[PROVIDED RECORDS]
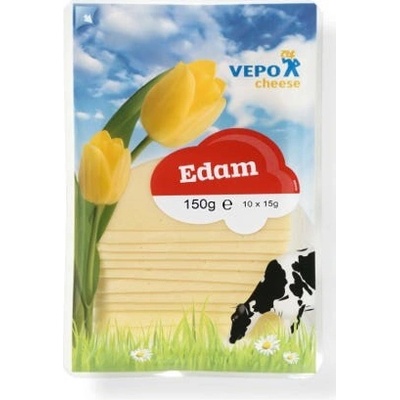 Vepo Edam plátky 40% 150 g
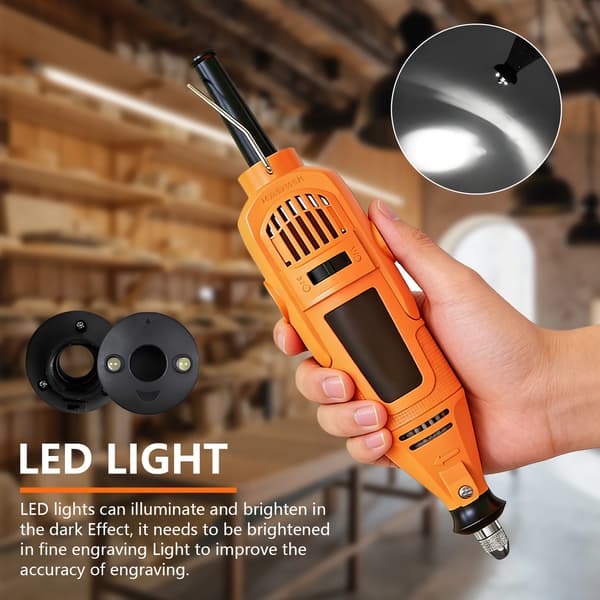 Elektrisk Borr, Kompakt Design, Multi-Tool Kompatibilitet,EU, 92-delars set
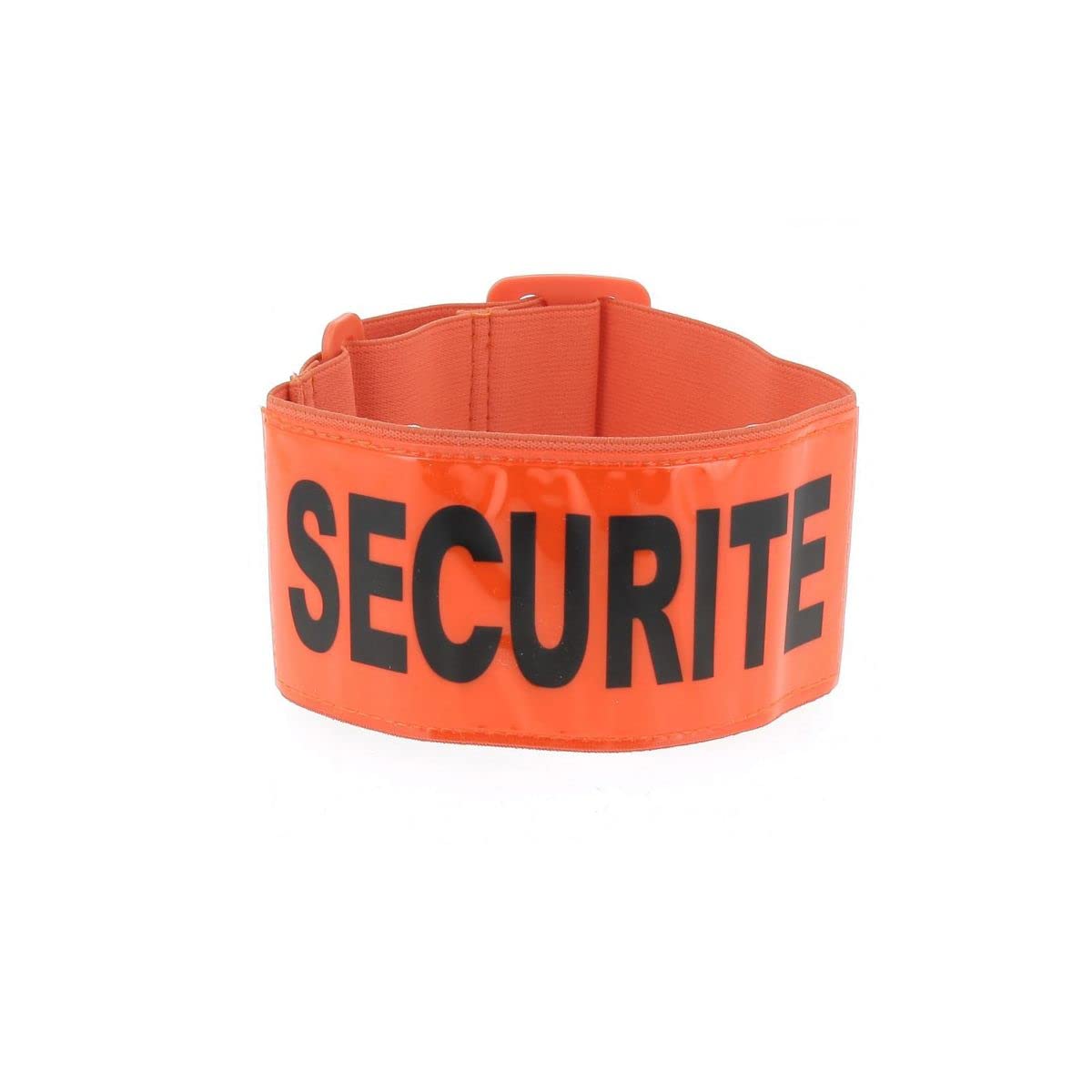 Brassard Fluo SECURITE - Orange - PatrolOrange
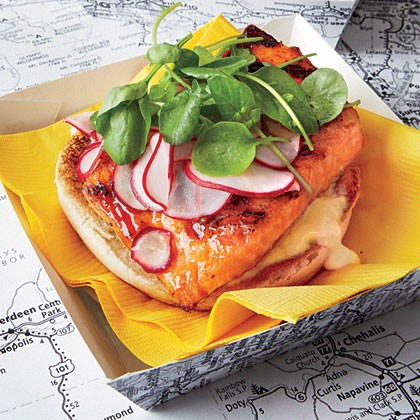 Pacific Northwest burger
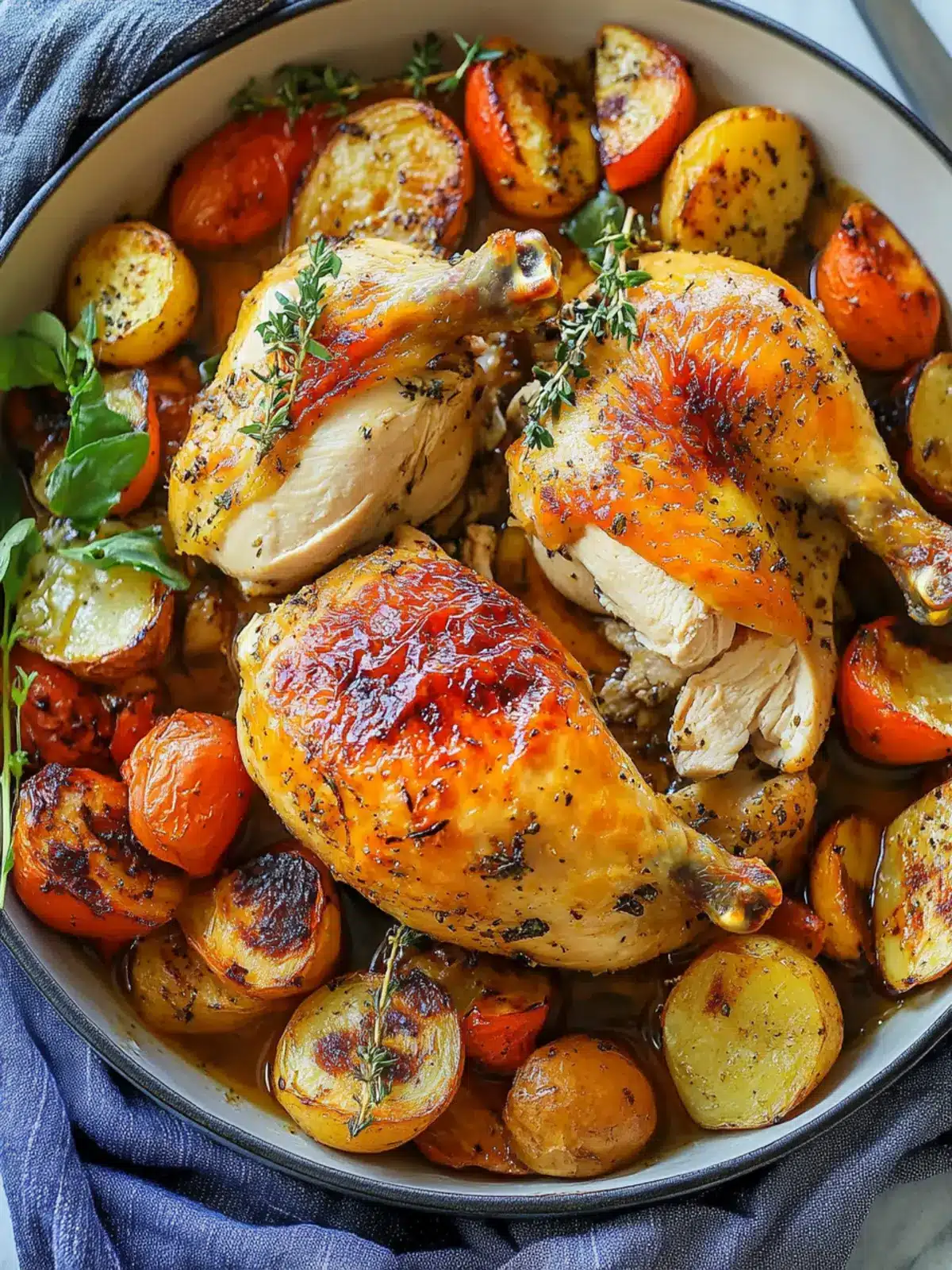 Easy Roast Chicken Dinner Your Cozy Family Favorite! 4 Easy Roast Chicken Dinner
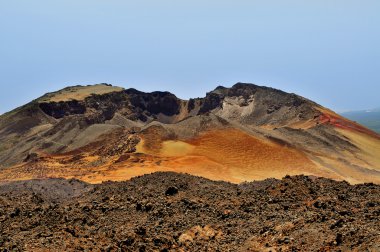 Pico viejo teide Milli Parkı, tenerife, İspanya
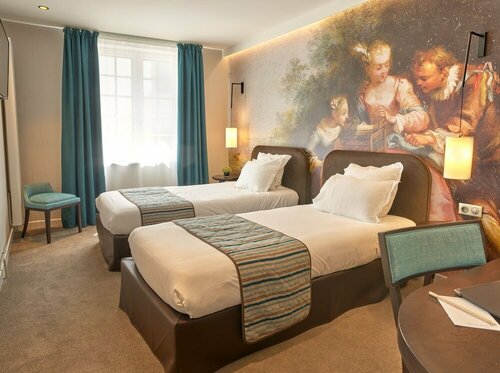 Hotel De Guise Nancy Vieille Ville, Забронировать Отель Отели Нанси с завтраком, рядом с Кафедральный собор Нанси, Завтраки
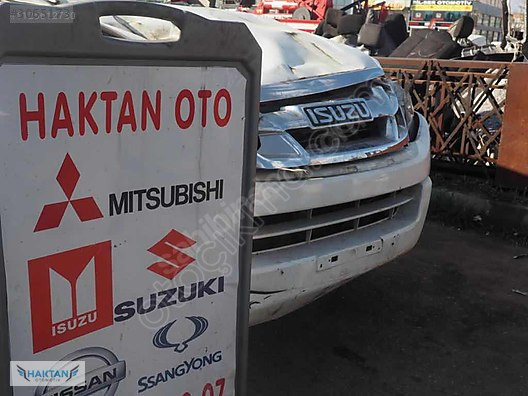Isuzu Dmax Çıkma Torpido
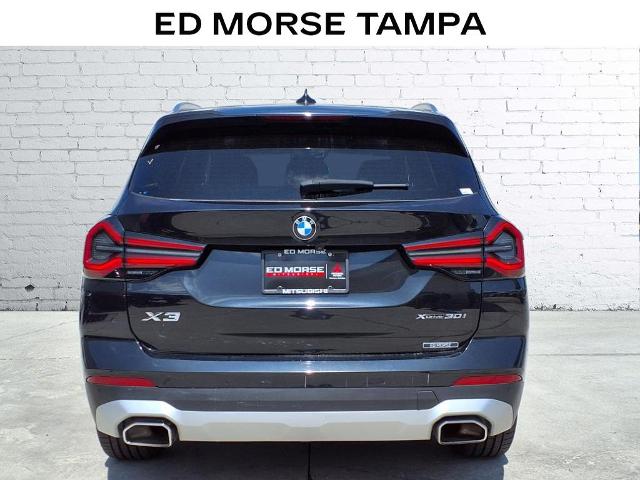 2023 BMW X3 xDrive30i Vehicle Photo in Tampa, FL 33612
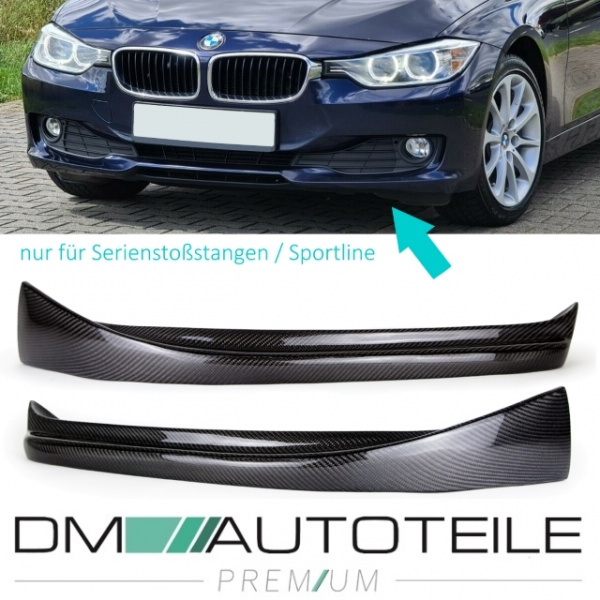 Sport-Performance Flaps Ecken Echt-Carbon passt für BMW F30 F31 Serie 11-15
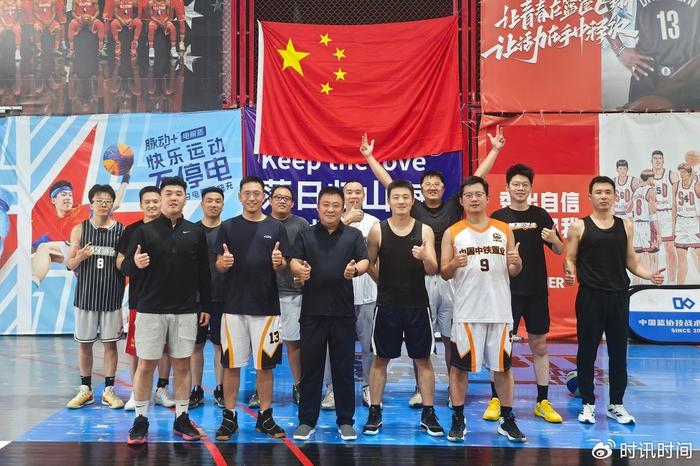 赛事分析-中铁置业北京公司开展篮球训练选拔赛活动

[WHAT YOU NEED TO DO]
Pictures excluded, give again exactly and only the lines of the material above from the line with "Brassard Fluo SECURITE" through the line with "Pico viejo teide".

[SOLUTION BELOW]
 Brassard Fluo SECURITE - Orange - PatrolOrange
 Pacific Northwest burger
 Easy Roast Chicken Dinner Your Cozy Family Favorite! 4 Easy Roast Chicken Dinner
 Pico viejo teide Milli Parkı, tenerife, İspanya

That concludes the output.